==== Supplied information
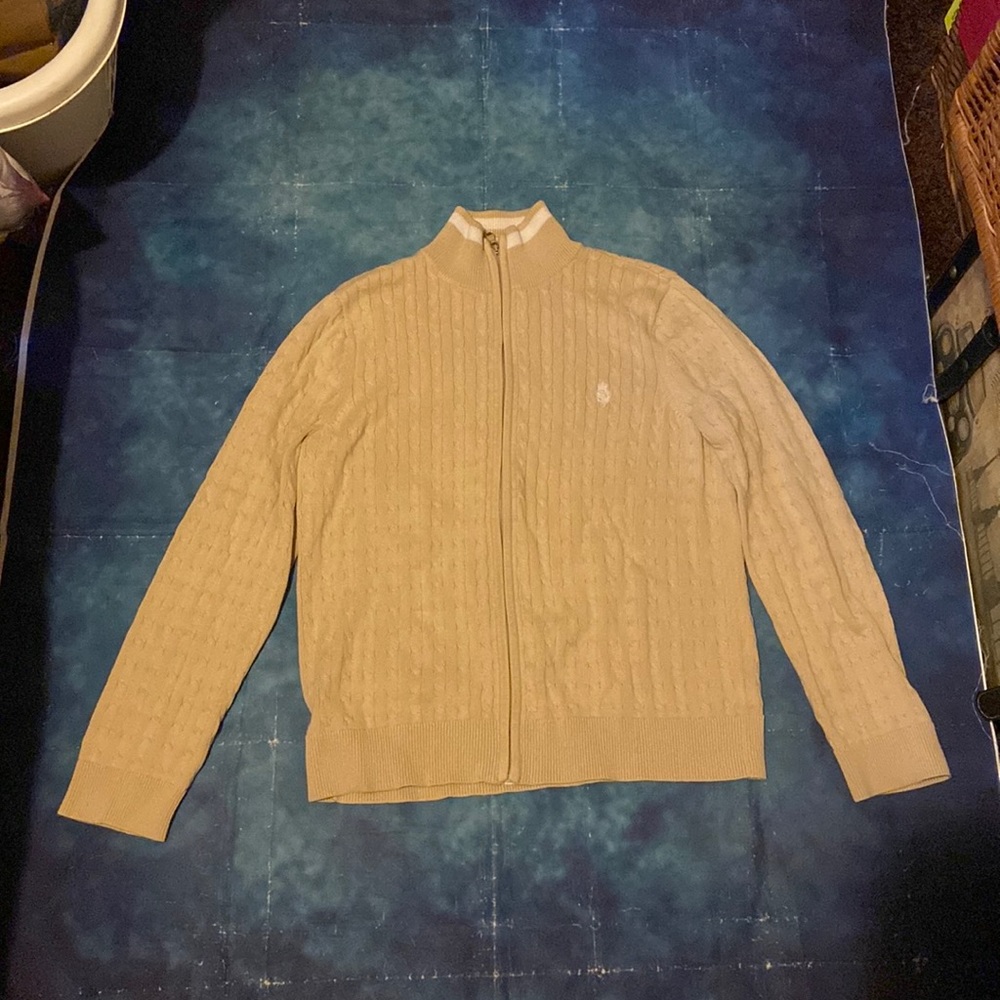 Ralph Lauren Active Zip up sweater size L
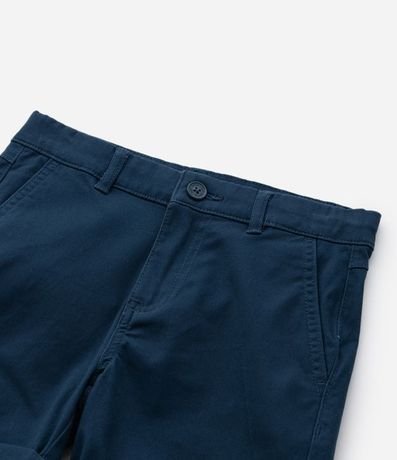 Bermuda Infantil con Bajo Plegado - Talle 5 a 14 años 5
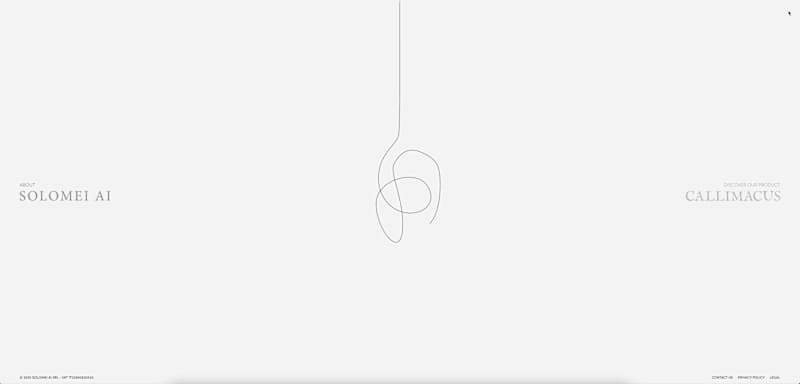 Cover image for Solomei.ai Website Animation Enhancement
========
(Activity): Copy exactly the lines running from the line with "Bermuda Infantil con" to the final line of the listing, keeping both ends and dropping any picture.

(Output of the exercise):
 Bermuda Infantil con Bajo Plegado - Talle 5 a 14 años 5
 Cover image for Solomei.ai Website Animation Enhancement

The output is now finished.